Arrastávamo-nos para a cama, caíamos meio vestidos e ficávamos ali por dez horas. Quase todas as minhas noites de sábado eram assim. No total, as duas horas em que nos sentíamos perfeita e freneticamente felizes pareciam valer a dor de cabeça subsequente. Para muitos homens do bairro, solteiros e sem um futuro em que pensar, a bebedeira semanal era a única coisa que fazia a vida valer a pena.

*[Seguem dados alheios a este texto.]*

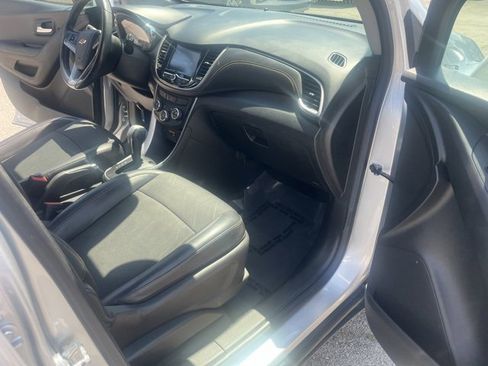 Used 2017 Chevrolet Trax LT w/ Driver Confidence Package image 32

terça-feira, 14 de maio de 2019

Seção "Mais valem algumas palavras do próprio autor - quando este é fera, claro - do que mil resenhas": "Na pior em Paris e em Londres", de George Orwell (por Diego T. Hahn)


Algumas considerações:

1) Primeiramente uma errata retroativa: humildemente, creio que erramos (ou, errei) em outras "seções" do blog, ao chamá-las de "sessão" (ah, a bela última flor do Lácio!)... mas, enfim, antes tarde do que nunca (embora, procurando agora nos arquivos, eu não tenha achado a palavra, nem de um jeito nem de outro... então, talvez fosse só impressão - mas, que seja, corrijamos também nossas impressões e até mesmo, o suprassumo da humildade e do perfeccionismo, erros que talvez nunca tenhamos cometido!)

2) Esta seção, pois, não é sacanagem com nenhum "resenhador" - profissa ou amador - , porque é legal mesmo treinar a própria escrita, exercitá-la em textos "comentativos" (e tem mesmo gente muito boa por aí), mas, porra, quer coisa melhor que algumas linhas, por exemplo, do próprio Orwell, ao invés do meu blá blá blá pseudo-literário sobre o livro do cara? (Além do que, aaaaahh... a velha preguiça, né!?...)

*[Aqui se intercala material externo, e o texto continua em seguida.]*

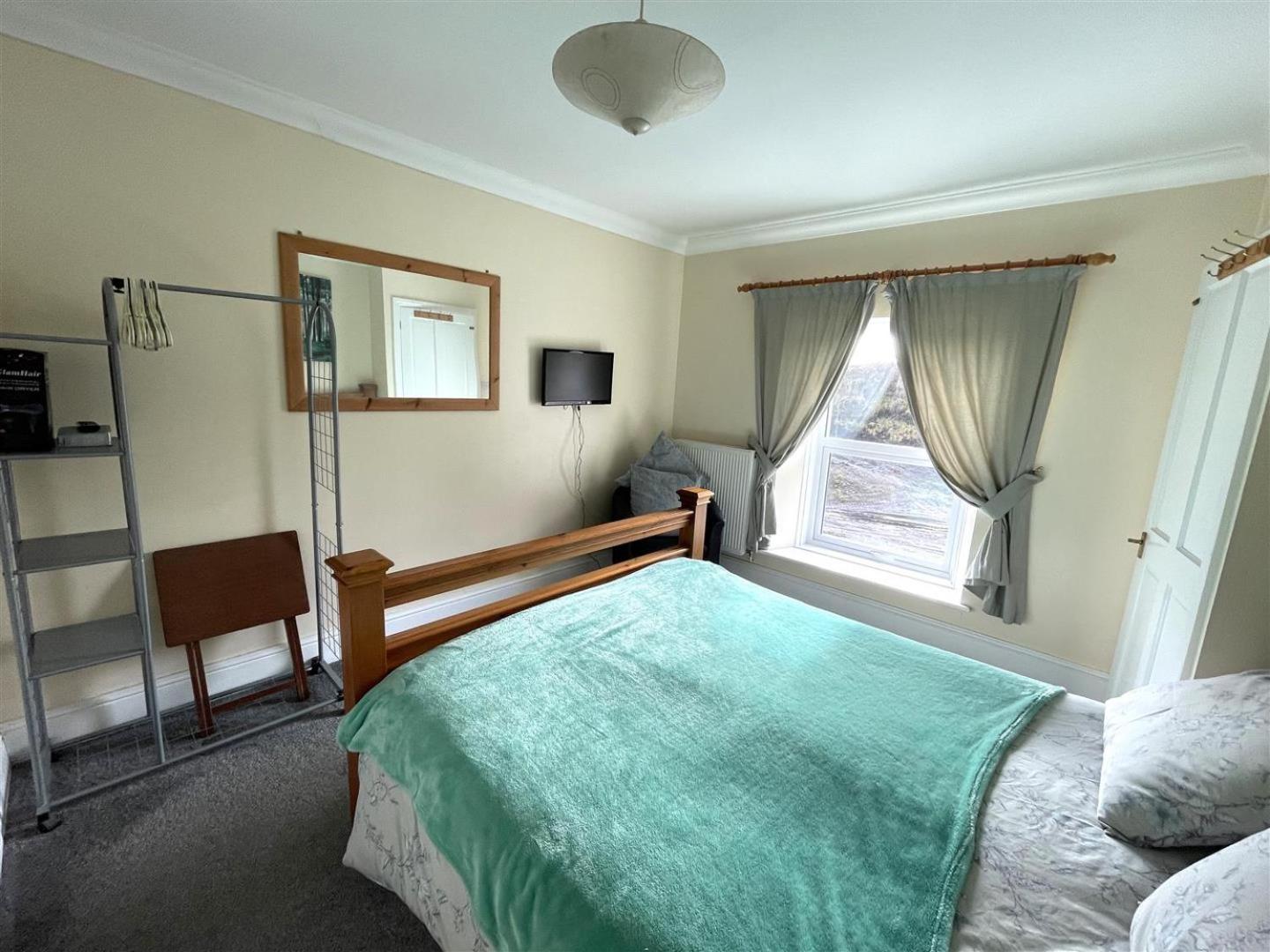 King Room En-Suite Bathroom and Garden View  photo 3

3) Então, vamos lá - resumidamente, o livro, o primeiro lançado por Orwell, narra suas peripécias após largar um emprego na Polícia Imperial Britânica na Birmânia (antiga colônia inglesa) e, desempregado e antes de se dar bem como escritor, viver por um tempo nas capitais francesa e inglesa em situação de quase miséria total, entre mendigos, dormindo de albergue em albergue e se alimentando por dias só de pão e chá. Vamos publicar nos próximos dias então alguns fragmentos dessa obra, que, segundo reza a lenda, só veio à luz do sol, graças ao apoio de uma gaúcha, Mabel Fierz, crítica literária filha de ingleses, com a qual Orwell (ou, Arthur Blair, o nome verdadeiro do cara) se envolveu na juventude, e a qual se encantou com o talento do bicho. Neste excerto aqui, Orwell faz uma análise sobre a vida dos mendigos (mais especificamente uma reflexão sobre o que a sociedade em geral pensa dos mendigos - e como eles são, ou eram - naqueles tempos, anos 30 - , na realidade):

"Vale a pena dizer alguma coisa sobre a posição social que os mendigos ocupam, pois quando se convive com eles e se descobre que são seres humanos comuns, não se pode deixar de ficar admirado com a curiosa atitude da sociedade com relação a eles.

 As pessoas parecem achar que existe uma diferença essencial entre mendigos e “trabalhadores” comuns. Acham que eles constituem uma raça à parte: a dos vagabundos, como os criminosos e as prostitutas. Os trabalhadores “trabalham”, os mendigos não “trabalham”; são parasitas, inúteis por natureza. 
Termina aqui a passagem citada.